Selalu ada hal tak terduga dalam
hidup. Tak selalu baik, tak selalu buruk. Seperti berpapasan dengan mantan
dengan pasangan barunya, seperti menemukan selembar lima puluh ribuan di
kantung celana di akhir bulan. Seperti hari ini.
Bapak meminta saya mengantarnya
ke pengajian Tafsir Jalalain. Sejak kecelakaan yang membuat tulang bahunya
bergeser, dia tak pernah lagi mengendarai motor. Temannya kerap datang
menjemput, pergi menuju pengajian, entah Minggu pagi, Kamis malam atau Sabtu
siang. Siang ini, temannya tidak datang. Saya mengantarnya ke masjid di
kecamatan.
Sesampainya di sana, saya hendak
pamit, tetapi bapak mencegah dan mengenalkan saya pada temannya – seorang
lelaki yang menggunakan sorban, berbaju gamis- dan anak perempuannya. Anak saya
minta diantar membeli buku, tapi saya harus mengisi pengajian. Jadi, saya minta
dia nunggu sampai selesai saya mengajar, kata lelaki itu. Bapak saya dengan
sigapnya mengeluarkan kalimat yang membuat rencana sabtu siang saya beratakan.

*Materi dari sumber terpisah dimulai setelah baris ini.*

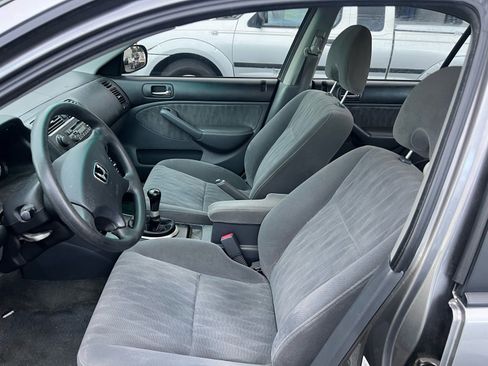 Used 2005 Honda Civic LX image 8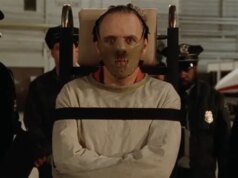 A Vingança do Silêncio dos Inocentes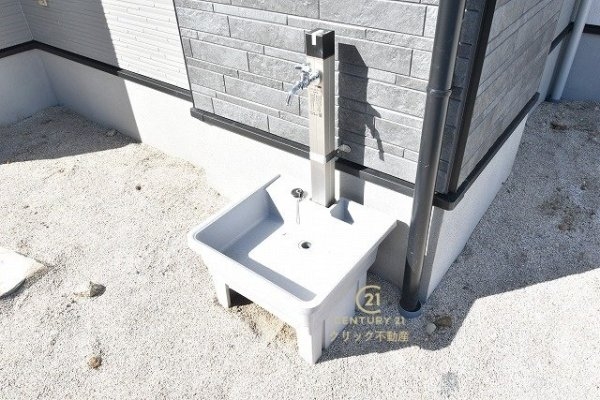 ケイアイフィット　常陸太田市塙町　2期　限定1棟！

“Anak saya suka baca buku,
koleksinya banyak. Biar dianter anak saya aja, lagian, sabtu gini dia nggak ada kerjaan,”
kata bapak sambil menepuk-nepuk bahu saya.
Seiingat saya, bapak tidak terlalu
suka jika saya membeli buku, terlebih novel. Koleksi buku saya 90 persen novel.
Dia seringkali memberi saya buku-buku agama, bahkan sesekali dia sengaja
membeli dua buku, satu untuknya dan satu untuk saya. Pada akhirnya, buku-buku
itu saya simpan di rak bukunya atau saya letakkan saja di atas televisi.
“Syukurlah kalo gitu, terima
kasih ya mau antar anak saya,” kata lelaki itu. Saya bahkan belum mengatakan
bersedia mengantar anaknya, bapak saya dan lelaki itu sudah pergi, masuk ke
dalam masjid.
Saya hanya tersenyum lalu menatap
perempuan itu. “Ke Gramedia, Gunung Agung atau TMBookstore?” tanya saya.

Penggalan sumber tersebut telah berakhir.